DATA BLOCK
------
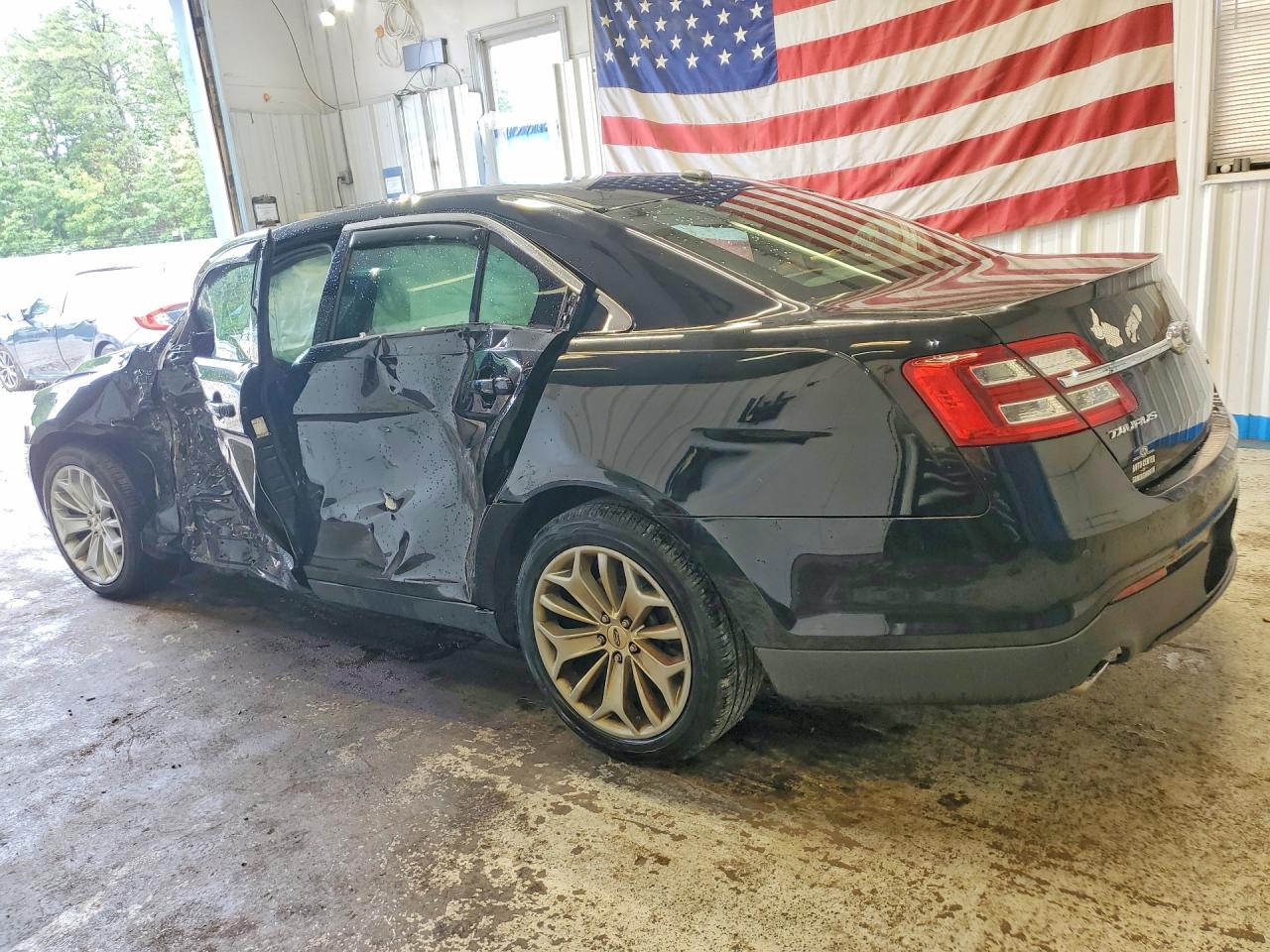 1FAHP2F80HG114905 · 2017 FORD TAURUS · 2/12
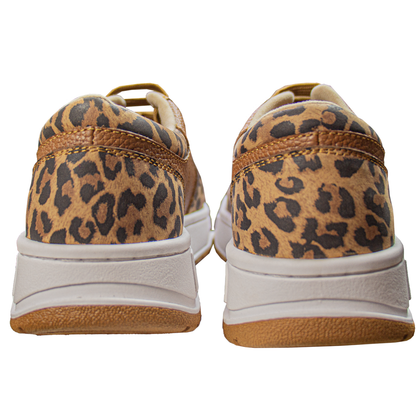 ZAPATILLA  LEONA  PRINT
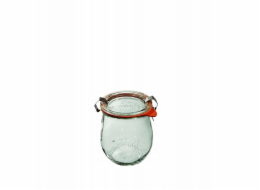 Weck Sklenice na tulipány 220 ml s (12 ks), pokoj, uši, zap x2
------
A verbatim rendering of the listing above is required, without any of its pictures.

SOLUTION TO THIS TASK
 1FAHP2F80HG114905 · 2017 FORD TAURUS · 2/12
 ZAPATILLA  LEONA  PRINT
 Weck Sklenice na tulipány 220 ml s (12 ks), pokoj, uši, zap x2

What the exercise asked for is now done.